Joan Berkowitz
Joan B. Berkowitz (born March 13, 1931) is an American chemist.
Biography
Born in Brooklyn, New York, Berkowitz attended PS 42, John Marshall Junior High School, and Midwood High School. She created a science project analyzing weather maps from the New York Times to study the movement of weather patterns. She earned a scholarship to Swarthmore College and graduated Phi Beta Kappa with a BA in 1952. At Swarthmore she published her first paper, "The Preparation of trans 4-chlorocyclohexanol".[1]
She wished to follow her high school boyfriend and fellow Swarthmore graduate Arthur Mattuck to Princeton University, but at the time Princeton did not accept women for graduate school in chemistry. Instead she attended the University of Illinois at Urbana, graduating with a PHD in physical chemistry in 1955. Her dissertation was "Studies on Electrolytes", which focused on the application of the Poisson–Boltzmann equation to polymeric electrolytes.

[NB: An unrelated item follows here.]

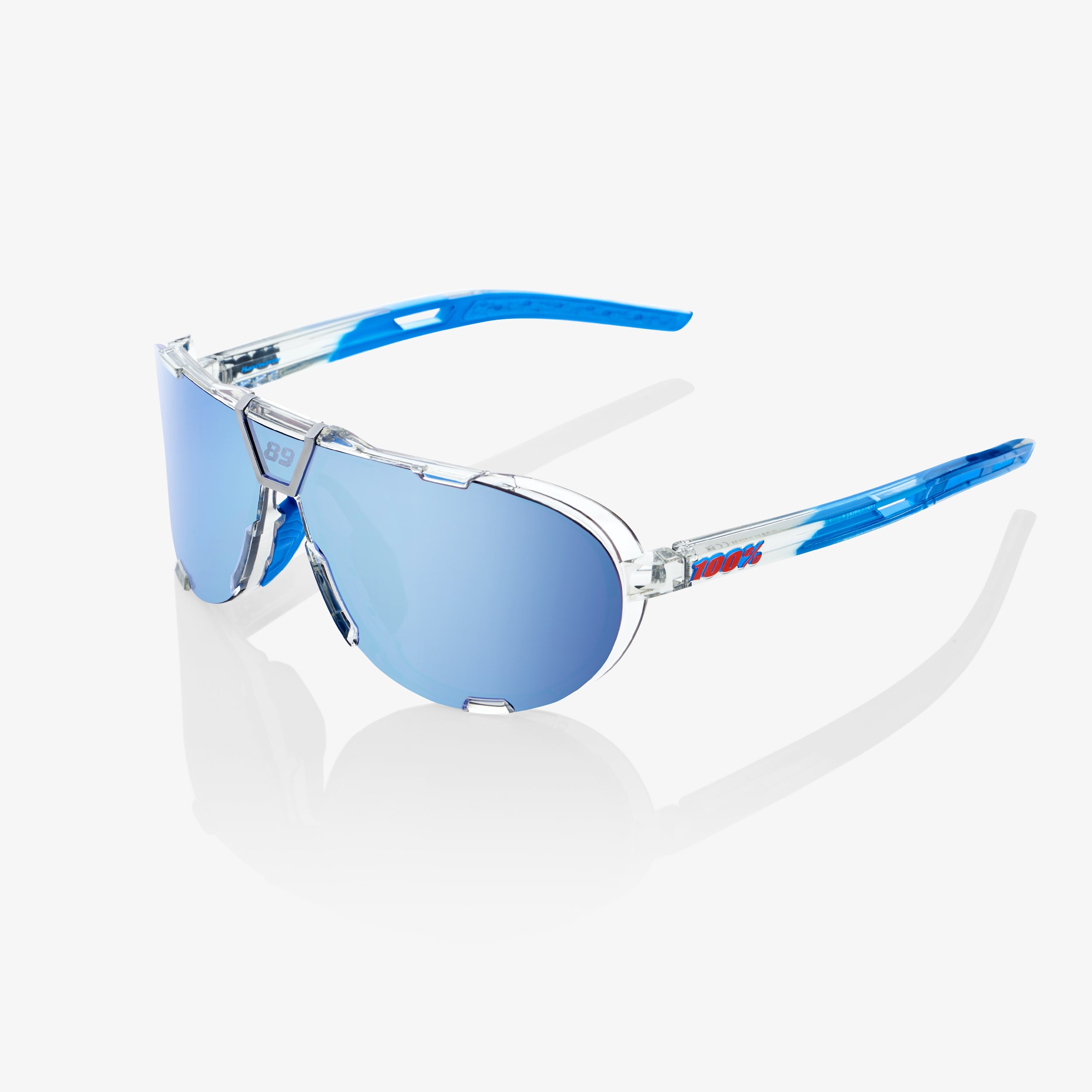 100-westcraft-jorge-martin-sonnenbrille-polished-clear-blau-verspiegelt image 1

She used ILLIAC I, an early computer, for the numerical solutions. From 1955 to 1957 she was a National Science Foundation postdoctoral fellow at Yale University studying polymeric electrolytes. In 1959, she married Mattuck, who at that point had become a professor of mathematics at the Massachusetts Institute of Technology. They divorced in 1977.[1]

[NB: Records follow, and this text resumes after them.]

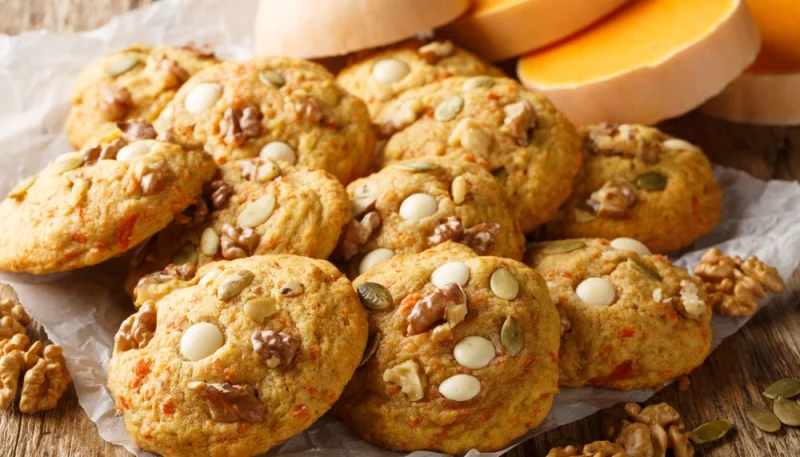 🍪Cookies moelleux au potimarron et aux noix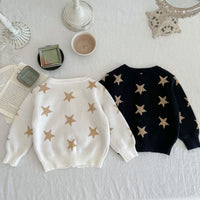 Load image into Gallery viewer, Baby Girls Star Print Cardigan Wholesale 22081159
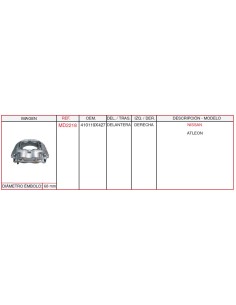 PINZA DEL. DCHA. NISSAN ATLEON C/P
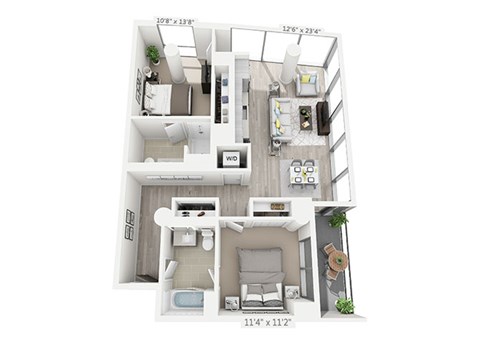 730 W. Couch Place Studio-3 Beds Apartment for Rent - Photo Gallery 33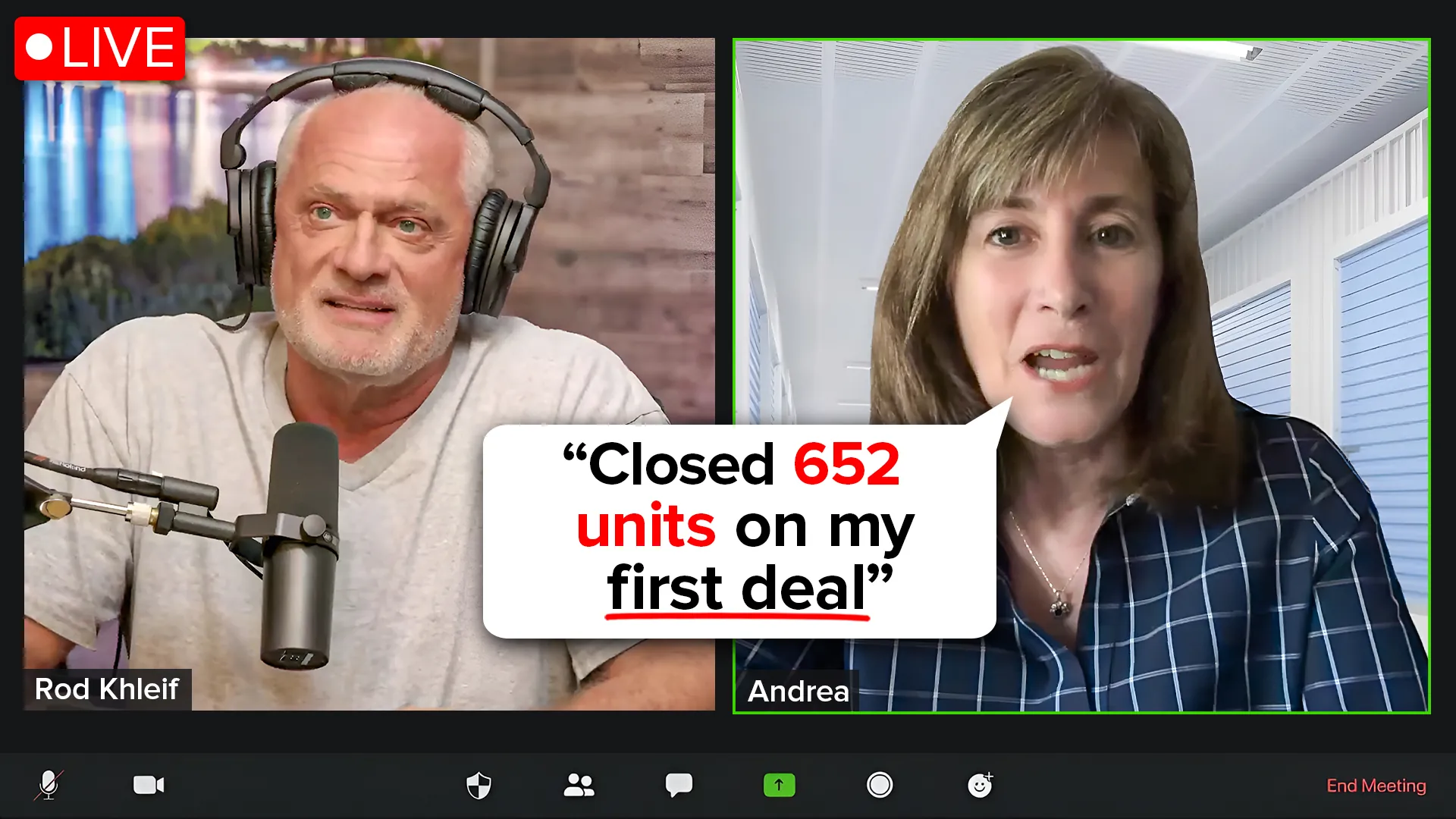 Closed 652 Units on My First Deal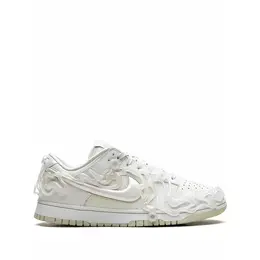 NIKE: Белые кроссовки  Dunk Low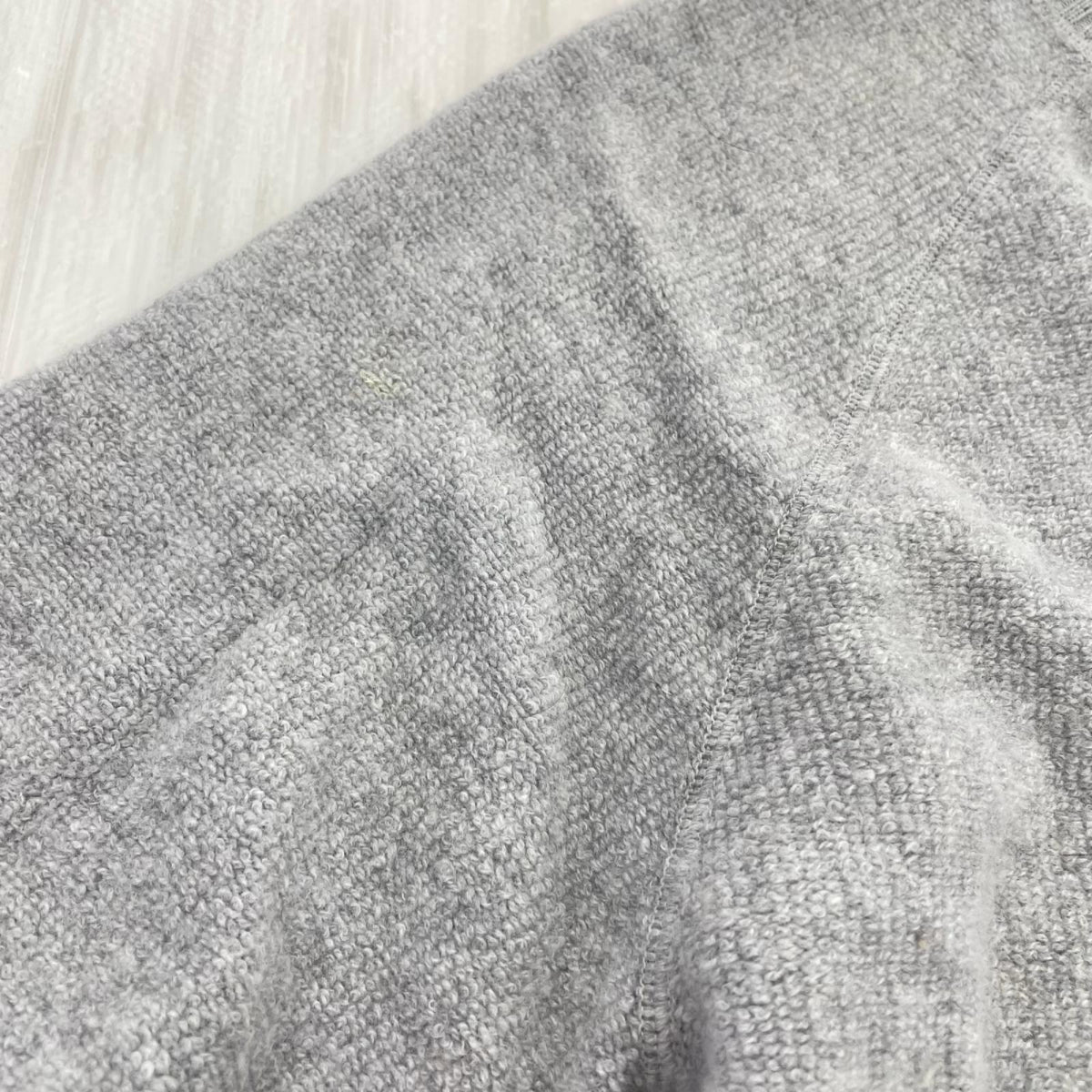 ニット 24aw Terry Small BOX LOGO Sweater S GRY S グレー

In 1959 she joined the consulting firm of Arthur D. Little, where she would spend over two decades. Her early work at the firm concerned high-temperature oxidation and materials for the space program, focusing on the transition metals molybdenum, tungsten, and zirconium. She developed reusable molds from molybdenum disilicides and tungsten disilicides that were used in spacecraft construction.[1][2]

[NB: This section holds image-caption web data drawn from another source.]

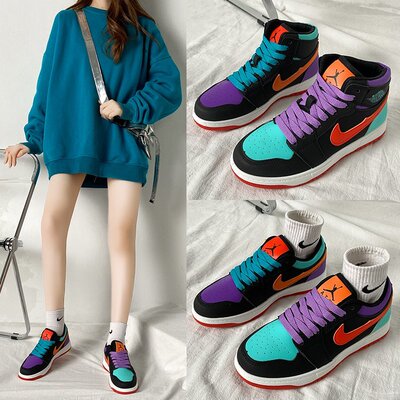 aj女鞋熊猫黑白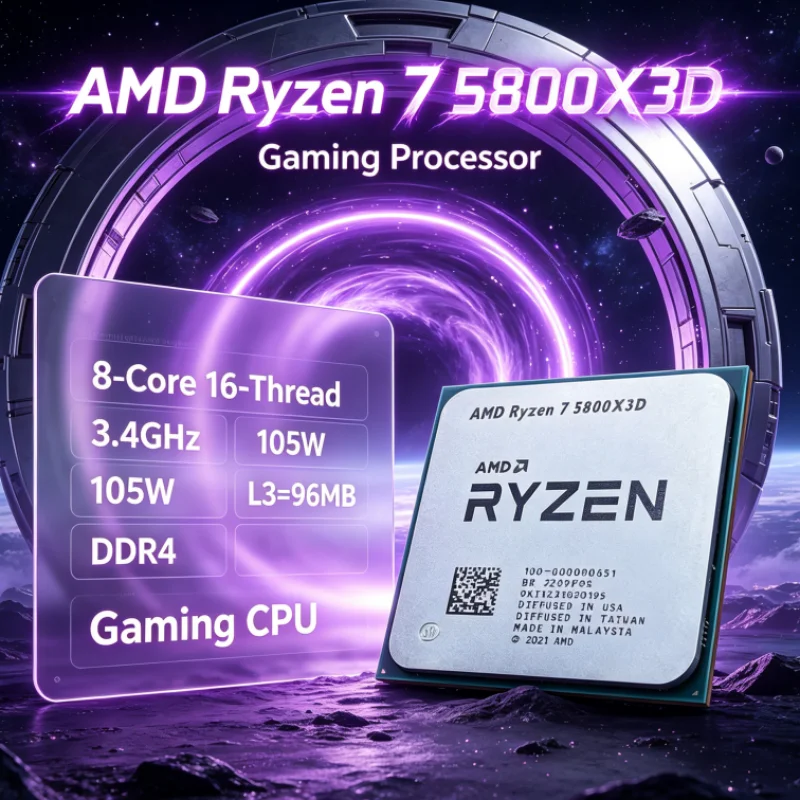 Amd Cpu Ryzen 7 - AMD R7 5800X3D 96 MB 105W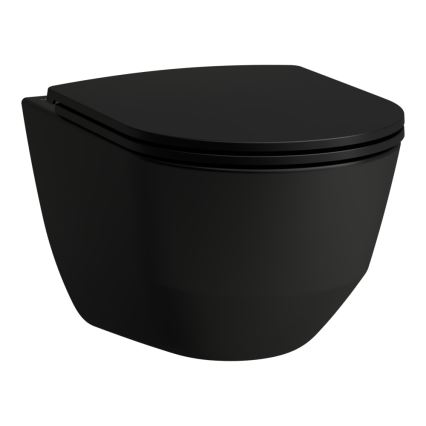 LAUFEN H8989667160001 - Assento de sanita SoftClose PRO em duroplástico/preto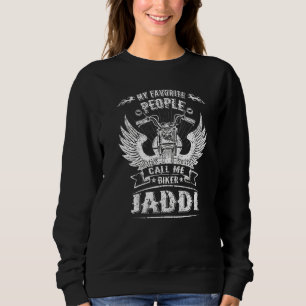 Meine Lieblingsmenschen nennen mich Biker Jaddi Op Sweatshirt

In the 1970s her work concerned environmental matters. She headed a team which created the two volume Physical, Chemical and Biological Treatment Techniques for Industrial Wastes (1976), a survey of manufactured goods and their potential for causing pollution. She examined limestone scrubbers that removed sulfur dioxide, demonstrated how to reduce hard deposits which hindered their effectiveness, and improved their design. She also studied the disposal of hazardous wastes in landfills and produced the first handbook on alternative disposal methods.[1][3] In 1979 she became the first female president of The Electrochemical Society.[4] By the 1980s she was a vice president and later head of the Environmental Business World Wide section at A.D. Little.[1]
In 1986 she left A.D. Little to become CEO of Risk Science International. In 1989 she co-founded with Allen Farkas the consulting firm Farkas Berkowitz & Company.[1]
References
- 1 2 3 4 5 6 Klarreich, Susan (1993). "Joan Berkowitz". In Grinstein, Louise S.; Rose, Rose K.; Rafailovich, Miriam H. Women in Chemistry and Physics: A Biobibliographic Sourcebook. Greenwood Press. pp. 50–56.
- ↑ "Joan B. Berkowitz." Notable Scientists from 1900 to the Present. Ed. Brigham Narins. Detroit: Gale Group, 2008. Gale Biography In Context. Web. July 7, 2011.
- ↑ "Sylvia M. Stoesser Lectures in Chemistry: Joan B. Berkowitz". Department of Chemistry at the University of Illinois at Urbana-Champaign. 2010. Retrieved July 7, 2011.
- ↑ "Joan Berkowitz". Chemical Heritage Foundation.